For his part, Garland calls the adaption “Almost no challenge. Some quite simple editorial decisions. Sections were effectively kind of cut and pasted. There’s not really any invention—there’s a bit, but it comes as a consequence of compression and colliding two scenes. A couple of times we expanded out something that was just a paragraph in the book into a scene. But it was intended to be faithful and hopefully it is. We were all in agreement, everybody who worked on the film, that what had drawn us to the project was the source material.”

Ishiguro has tried his own hand at screenwriting with a few BBC programs and a script that became Guy Maddin’s The Saddest Music in the World, though he cheerfully admits that the film bears little resemblance to what he wrote. “Maddin [and co-scripter George Toles, brother of editorial cartoonist Tom] took an original screenplay of mine and turned it into a Guy Maddin movie. I really enjoyed working with him. We’re developing on another project now, another music thing. He’s a real one-off—you work with a guy like that and your imagination starts to change.”
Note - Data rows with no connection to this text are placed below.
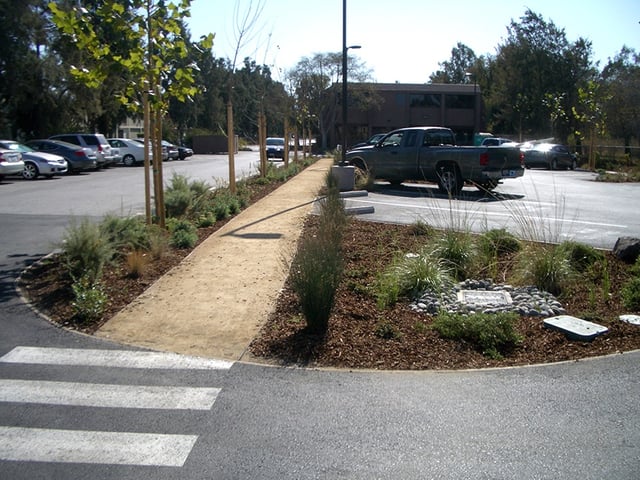 Commercial-Landscaping-Services.jpg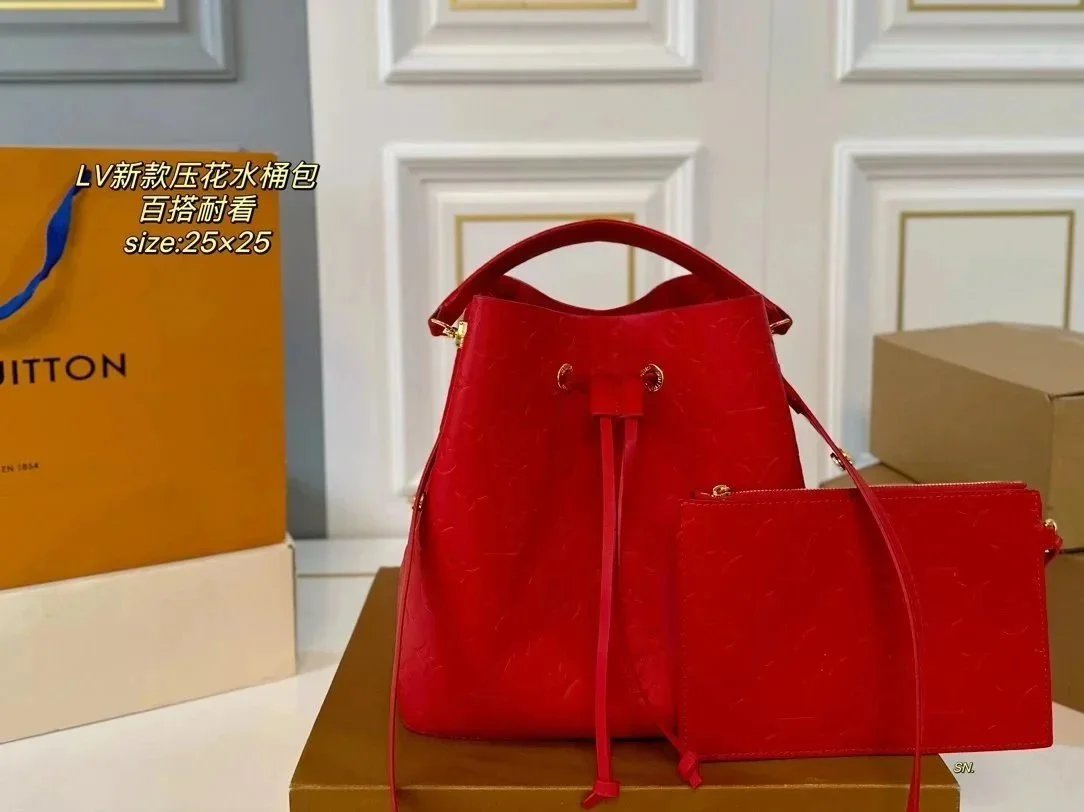 050301010-Red (Size: 25×25 cm)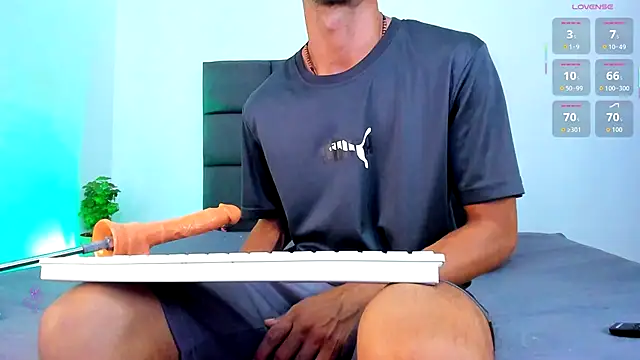 steven hott8 online show from December 16, 2025, 4:11 pm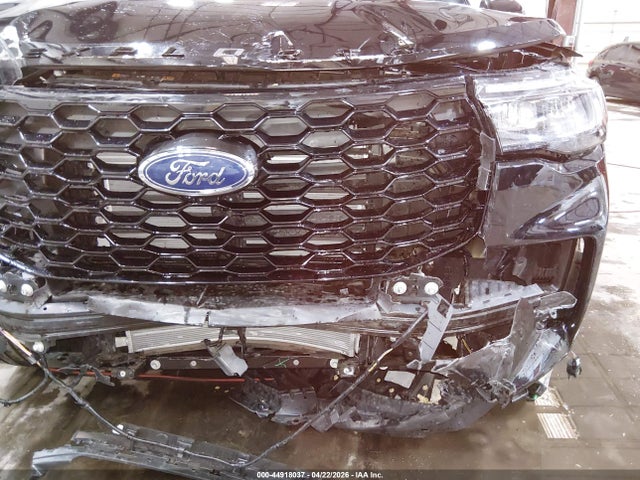 1FMUK8KH6TGA81431 Ford Explorer St-line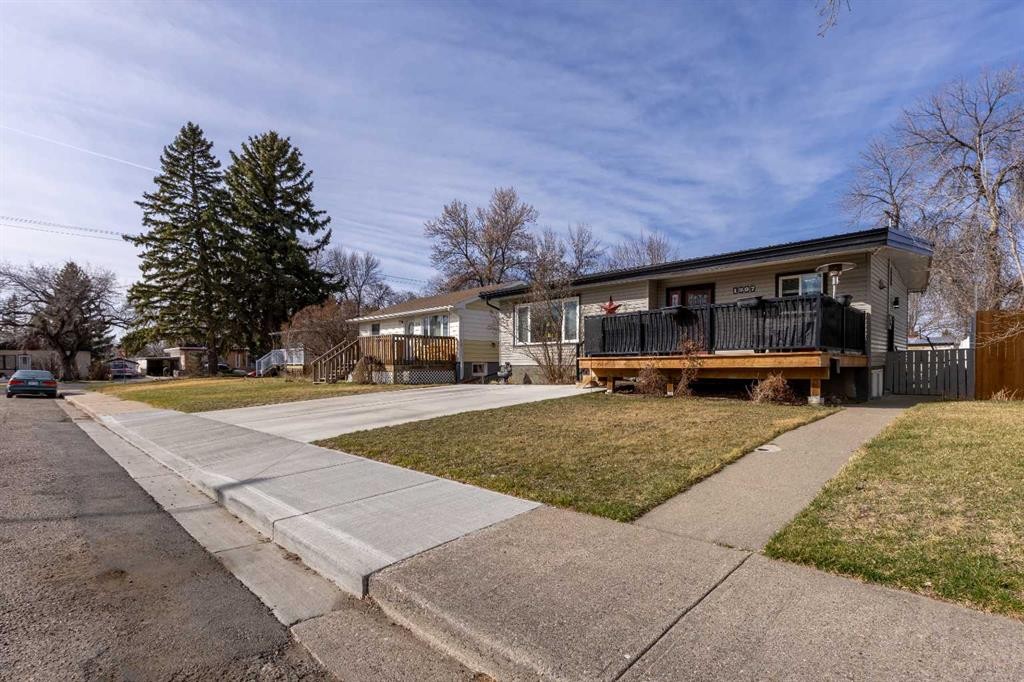 1907 7A Avenue North, Lethbridge, AB - Outdoor With Deck Patio Veranda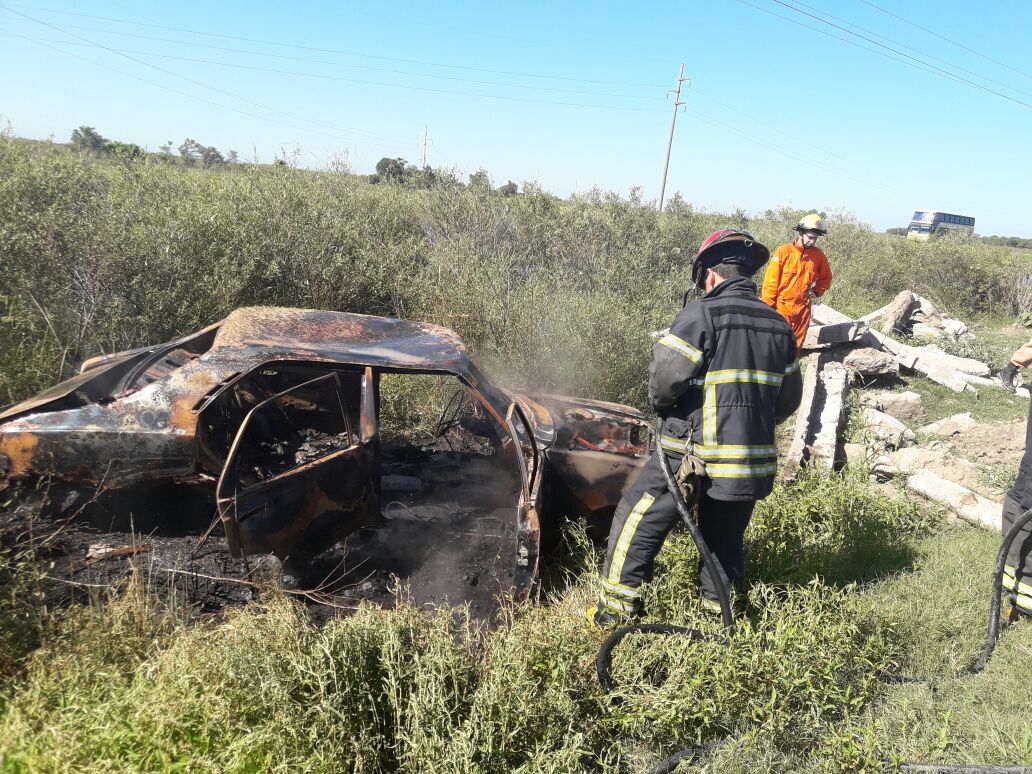 Ardió un vehículo en el Circuito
Despite that, Ishiguro wouldn’t want to adapt his own work to the screen. “If I’ve already done that material and I go back to it years later, it’s like that nightmare where you’re back in school and you’ve got to sit your exams again. You have to open it up and go through it with other people, and sacrifice things you thought you’d finished. Most novelists find that both technically and emotionally a very difficult thing to do, to adapt their own work. “

Turning to Gardner, he asks, “You didn’t adapt The Beach either, did you?” referring to the film that was one of the most notable flops of the 1990s. Gardner responds, “No, but I wish I had!”

Noting that “I’m sure that Alex did a lot more than shovel words around,” Ishiguro, who is credited as the film’s executive producer, says he’s happy with the way it turned out, though Garland looks at the film and regrets what he missed. Ishiguro says that sometimes when he sees films based on novels he has read, “I can feel a checklist—oh yes, that’s how they’ve done that scene, when is that other bit coming? I didn’t feel that here, even through it’s my own book. It has its own direction, its own trajectory. It made me see some things completely fresh.

Still, Garland admits that “I missed some things in the book. For what it’s worth. I miss the space and the time you get [in a novel]. Film is incredibly voracious, and the patience of the audience is completely unforgiving in many respects. There’s a sense of space in the book, of time spent with the characters and a sense of their full lives, and I think that’s one of the things we failed to capture. I’m very proud of this film—I’m very happy with it, but I miss that.”